Earnings Preview – Expectations Vary Widely, Valuations Equally

  • The pundits are talking at length about how Q3 2012 estimates are on the whole lower than Q3 2011 actual earnings. This is not true across all of the Industrial Sectors and the correlation between expectations and valuation is good in general but has a couple of meaningful outliers.
  • Metals, Packaging and Paper are expected to show earnings declines year on year, but all others in our coverage group are expected to show growth. For Capital Goods, Electrical Equipment and E&C, expectations are for more than 30% year on year growth.
  • Some of the more positive groups are likely to be overly optimistic and we would expect some negative surprises. Valuations are most stretched, suggesting most downside risk, for Electrical Equipment, but have been stretched here for a while.
  • Several sectors are trading at significant relative premiums today versus October 2011; these look most pronounced relative to earnings expectations for Paper. On the flip side, Capital Goods and Transports have not seen a positive valuation move in the last 12 months that fully reflects expected earnings growth.
  • We sound like a broken record here on Paper, but low year on year earnings expectations yet higher valuation looks very out of place. A price rise for containerboard in Q4 2012 does not look like enough justification for this premium valuation.

Exhibit 1

Source: Capital IQ and SSR Analysis


Earnings estimates for 2012 fell further for many sectors in the Industrials and Basic material space during the course of September, as illustrated in Exhibit 2. However, as highlighted in the first Exhibit, the general expectation is for growth in Q3, year on year, in all but three sectors.

Exhibit 2

Source: Capital IQ and SSR Analysis

Where we saw estimate increases in September it was generally for the fourth quarter rather than the third, with Paper being the best example.

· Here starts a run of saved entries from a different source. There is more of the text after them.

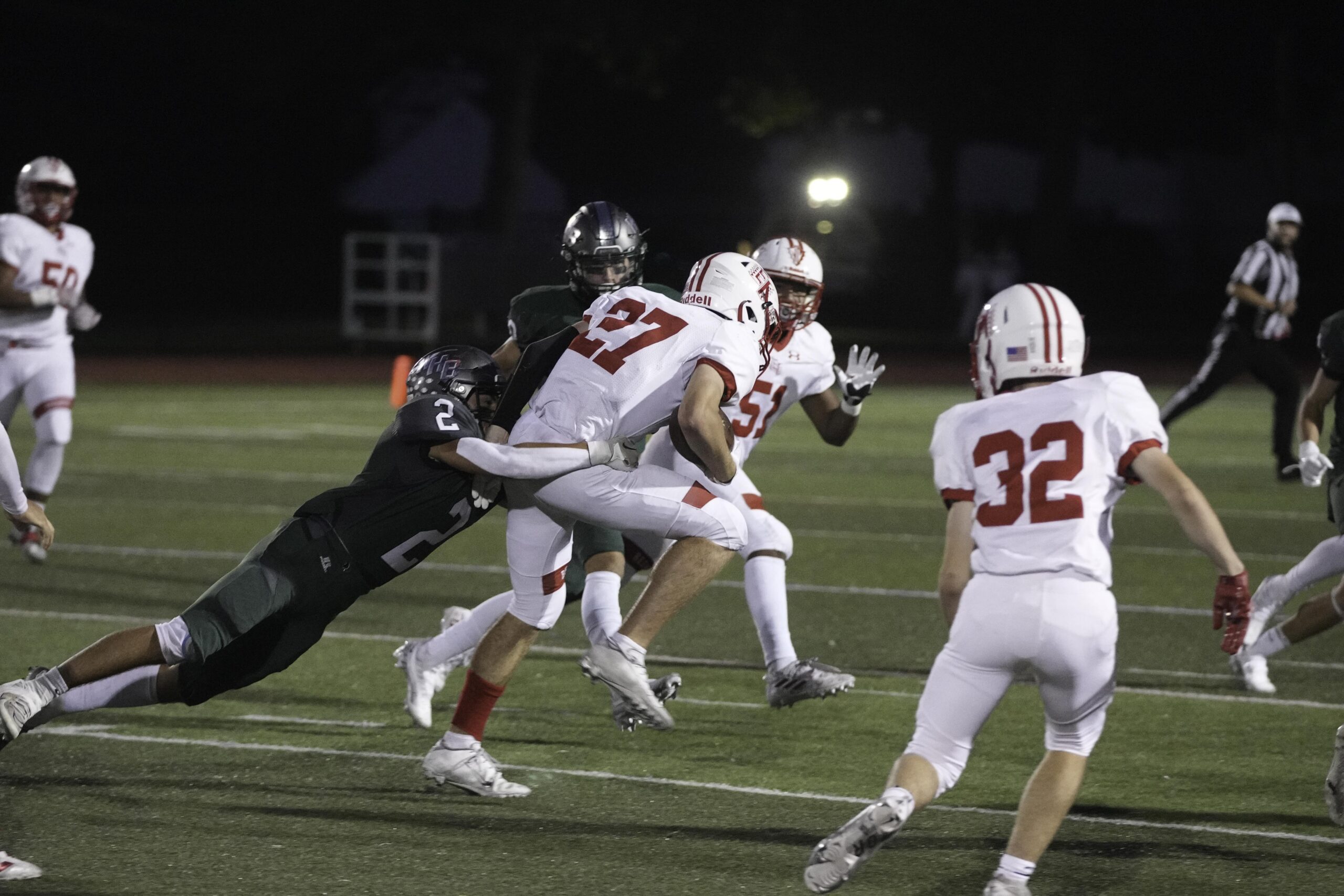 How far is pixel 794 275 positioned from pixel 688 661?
166cm

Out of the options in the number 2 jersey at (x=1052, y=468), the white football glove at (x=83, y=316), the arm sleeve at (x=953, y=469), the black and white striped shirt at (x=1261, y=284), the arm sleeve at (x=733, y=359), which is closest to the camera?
the number 2 jersey at (x=1052, y=468)

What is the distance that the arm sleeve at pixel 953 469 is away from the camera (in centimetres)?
420

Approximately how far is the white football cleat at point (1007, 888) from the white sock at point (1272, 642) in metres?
2.78

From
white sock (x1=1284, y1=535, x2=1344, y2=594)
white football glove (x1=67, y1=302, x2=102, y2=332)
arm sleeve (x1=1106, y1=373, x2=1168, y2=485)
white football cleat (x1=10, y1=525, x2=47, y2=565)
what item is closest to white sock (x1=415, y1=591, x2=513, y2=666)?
arm sleeve (x1=1106, y1=373, x2=1168, y2=485)

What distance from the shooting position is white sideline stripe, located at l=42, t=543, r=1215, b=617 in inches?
333

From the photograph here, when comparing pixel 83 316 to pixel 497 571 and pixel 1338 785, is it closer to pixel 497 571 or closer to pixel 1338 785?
pixel 497 571

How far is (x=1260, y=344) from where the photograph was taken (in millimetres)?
13117

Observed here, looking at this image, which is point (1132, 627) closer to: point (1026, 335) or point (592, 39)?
point (1026, 335)

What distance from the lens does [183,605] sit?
8250mm

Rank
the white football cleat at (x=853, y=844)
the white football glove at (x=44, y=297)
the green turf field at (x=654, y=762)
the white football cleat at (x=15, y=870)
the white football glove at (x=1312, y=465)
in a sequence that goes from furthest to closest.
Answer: the white football glove at (x=44, y=297) < the white football glove at (x=1312, y=465) < the green turf field at (x=654, y=762) < the white football cleat at (x=15, y=870) < the white football cleat at (x=853, y=844)

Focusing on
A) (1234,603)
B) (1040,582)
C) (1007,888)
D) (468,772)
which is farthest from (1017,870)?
(468,772)

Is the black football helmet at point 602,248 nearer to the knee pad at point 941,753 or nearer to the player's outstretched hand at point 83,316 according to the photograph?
the knee pad at point 941,753

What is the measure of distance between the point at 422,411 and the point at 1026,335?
174cm

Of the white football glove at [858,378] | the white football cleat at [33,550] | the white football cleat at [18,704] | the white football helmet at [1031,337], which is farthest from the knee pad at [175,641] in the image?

Estimate changes for Chemicals are partly a function of swings in natural gas pricing relative to oil. With the positive move in natural gas pricing in October, we would expect to see a small negative swing in estimates in October, absent any specific guidance in the earnings calls.

The most significant anomaly in the data in Exhibit 1 is best shown in the scatter plot in Exhibit 3. In this chart we plot the year-on-year expected earnings growth (decline) in Q3 earnings for each sector against the move in relative value from October 1 2011 to October 1 2012. For the most part the points sit on a fairly consistent line from top right to bottom left, which appears intuitively correct. The most obvious extreme outlier is the Paper sector where valuations are much higher today than they were a year ago despite an expectation that earnings will fall year on year in Q3 by as much as 24%. We highlighted in September that one of our concerns with Paper was a fall in gross margins over the last three quarters and that in past cycles these declines had lasted for an average of 7-8quarters and had driven valuations much lower. The quarter that is about to be discussed looks like it will be another of declining gross margins.

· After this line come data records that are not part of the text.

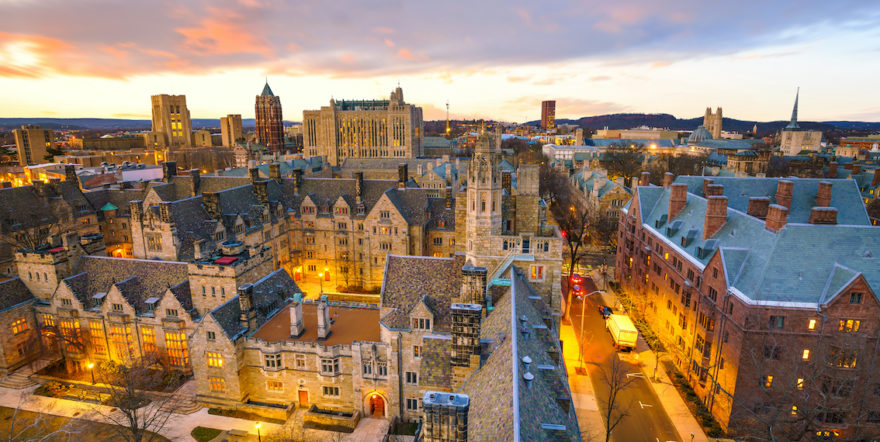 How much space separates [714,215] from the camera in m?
48.7

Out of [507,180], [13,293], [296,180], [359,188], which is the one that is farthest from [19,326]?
[507,180]

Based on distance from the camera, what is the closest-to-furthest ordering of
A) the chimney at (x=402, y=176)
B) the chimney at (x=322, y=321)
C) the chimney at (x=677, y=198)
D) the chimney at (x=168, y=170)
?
the chimney at (x=322, y=321)
the chimney at (x=677, y=198)
the chimney at (x=168, y=170)
the chimney at (x=402, y=176)

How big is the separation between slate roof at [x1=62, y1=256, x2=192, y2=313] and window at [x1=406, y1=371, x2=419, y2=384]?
2479cm

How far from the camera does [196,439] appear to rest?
124ft

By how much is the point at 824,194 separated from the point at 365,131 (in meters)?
139

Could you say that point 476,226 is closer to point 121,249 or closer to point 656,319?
point 656,319

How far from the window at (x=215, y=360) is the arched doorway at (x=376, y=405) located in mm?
14156

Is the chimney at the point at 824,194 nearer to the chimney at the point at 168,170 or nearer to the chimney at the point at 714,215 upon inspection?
the chimney at the point at 714,215

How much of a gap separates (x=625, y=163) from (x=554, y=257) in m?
144

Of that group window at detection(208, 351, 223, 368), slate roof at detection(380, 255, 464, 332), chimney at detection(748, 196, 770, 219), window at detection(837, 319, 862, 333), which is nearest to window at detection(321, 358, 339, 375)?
slate roof at detection(380, 255, 464, 332)

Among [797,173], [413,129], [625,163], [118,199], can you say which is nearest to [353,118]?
[413,129]

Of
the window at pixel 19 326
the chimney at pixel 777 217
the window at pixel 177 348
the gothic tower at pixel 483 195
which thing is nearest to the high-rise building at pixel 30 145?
the window at pixel 19 326

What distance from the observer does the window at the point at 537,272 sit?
4341cm

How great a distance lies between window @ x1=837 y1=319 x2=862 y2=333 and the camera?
1367 inches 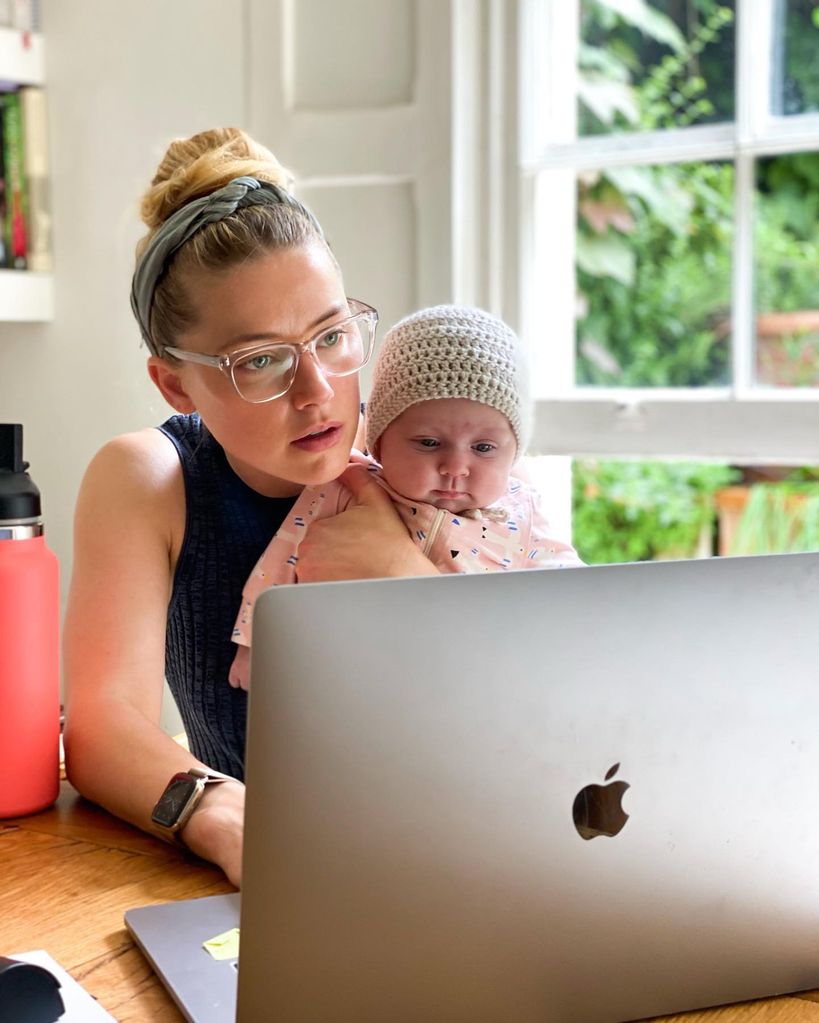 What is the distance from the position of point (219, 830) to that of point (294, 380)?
20.6 inches

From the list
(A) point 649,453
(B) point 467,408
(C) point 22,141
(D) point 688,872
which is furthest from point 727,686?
(C) point 22,141

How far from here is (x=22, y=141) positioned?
9.63 ft

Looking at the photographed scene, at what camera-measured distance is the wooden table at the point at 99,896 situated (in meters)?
0.83

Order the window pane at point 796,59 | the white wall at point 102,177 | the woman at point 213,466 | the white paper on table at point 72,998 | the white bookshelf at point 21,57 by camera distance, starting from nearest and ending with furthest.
A: the white paper on table at point 72,998 → the woman at point 213,466 → the window pane at point 796,59 → the white wall at point 102,177 → the white bookshelf at point 21,57

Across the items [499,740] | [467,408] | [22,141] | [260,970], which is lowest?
[260,970]

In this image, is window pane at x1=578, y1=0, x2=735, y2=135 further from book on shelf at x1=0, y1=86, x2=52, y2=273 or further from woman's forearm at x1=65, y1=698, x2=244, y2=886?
woman's forearm at x1=65, y1=698, x2=244, y2=886

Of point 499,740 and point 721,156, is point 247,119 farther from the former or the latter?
point 499,740

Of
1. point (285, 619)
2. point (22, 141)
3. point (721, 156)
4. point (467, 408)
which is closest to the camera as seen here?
point (285, 619)

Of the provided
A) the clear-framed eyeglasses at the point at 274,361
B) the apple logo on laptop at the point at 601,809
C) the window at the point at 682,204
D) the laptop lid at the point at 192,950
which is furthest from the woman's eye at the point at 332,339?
the window at the point at 682,204

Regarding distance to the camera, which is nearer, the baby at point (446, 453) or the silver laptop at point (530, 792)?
the silver laptop at point (530, 792)

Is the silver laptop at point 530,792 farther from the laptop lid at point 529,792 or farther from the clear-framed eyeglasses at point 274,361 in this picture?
the clear-framed eyeglasses at point 274,361

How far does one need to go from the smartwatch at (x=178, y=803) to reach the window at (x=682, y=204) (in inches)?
60.5

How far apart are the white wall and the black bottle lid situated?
1.61 meters

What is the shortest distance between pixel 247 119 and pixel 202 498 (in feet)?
4.67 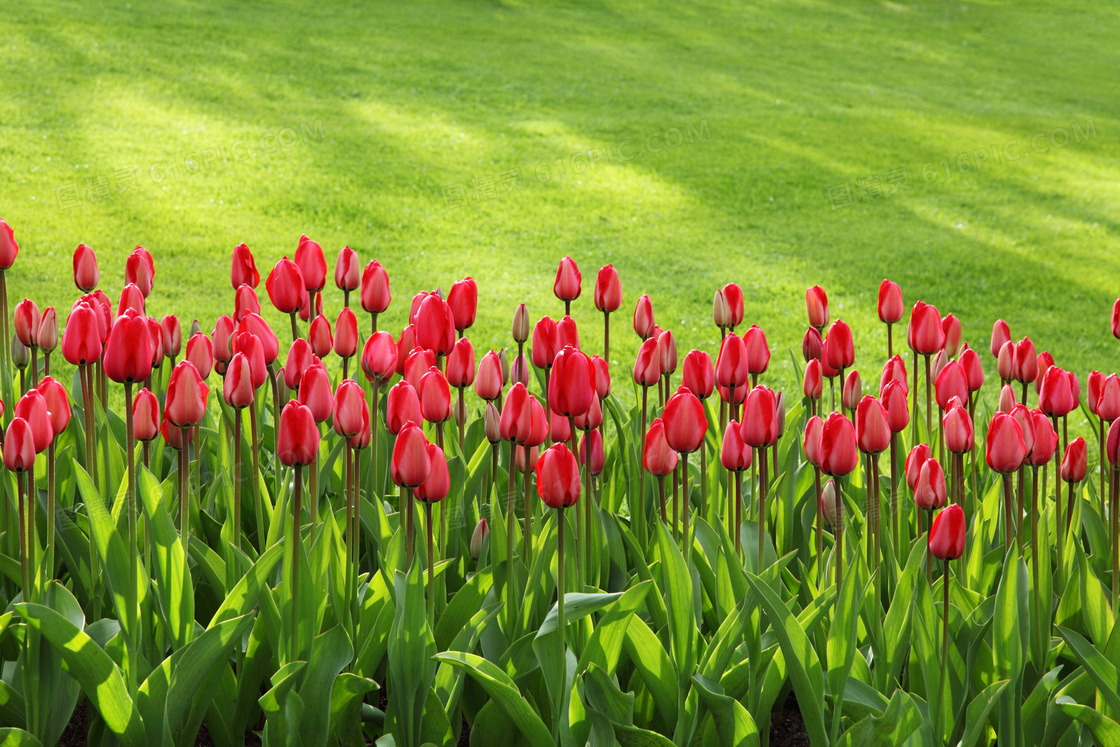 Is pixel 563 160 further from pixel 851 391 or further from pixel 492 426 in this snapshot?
pixel 492 426

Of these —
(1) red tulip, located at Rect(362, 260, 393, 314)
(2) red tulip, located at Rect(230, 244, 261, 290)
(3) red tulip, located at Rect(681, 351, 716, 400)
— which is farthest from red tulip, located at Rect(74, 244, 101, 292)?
(3) red tulip, located at Rect(681, 351, 716, 400)

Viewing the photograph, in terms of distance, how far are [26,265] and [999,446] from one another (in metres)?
6.66

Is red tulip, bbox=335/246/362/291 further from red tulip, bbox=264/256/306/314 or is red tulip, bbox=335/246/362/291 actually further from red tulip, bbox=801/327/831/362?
red tulip, bbox=801/327/831/362

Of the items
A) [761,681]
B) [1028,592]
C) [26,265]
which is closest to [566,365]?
[761,681]

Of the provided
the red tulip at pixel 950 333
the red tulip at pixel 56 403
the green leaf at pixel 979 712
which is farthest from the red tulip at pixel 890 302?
the red tulip at pixel 56 403

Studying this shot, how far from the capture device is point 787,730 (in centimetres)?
229

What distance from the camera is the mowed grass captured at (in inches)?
297

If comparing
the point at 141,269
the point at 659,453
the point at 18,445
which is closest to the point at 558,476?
the point at 659,453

We use our “normalized valuation” framework to get to the X axis data for the chart in Exhibit 3 and there has been some debate as to whether we are understating the returns in the Paper industry in our more broad analysis. This issue is irrelevant in this instance as we are looking at a year on year change, and the factors in our analysis in 2011 are consistent with those in 2012.

Exhibit 3

Source: Capital IQ and SSR Analysis

On the other side of the chart, it looks like Capital Goods has seen no real valuation appreciation in the last 12 months despite much higher earnings. The same can be said of Transports. The possible explanation here is short term earnings revisions, which have been weak for both Capital goods and Transports and much better for Paper.

If we were to pay more attention to absolute earnings growth rather than incremental revisions, we would be buyers of Capital Goods and Transports today and sellers of Paper.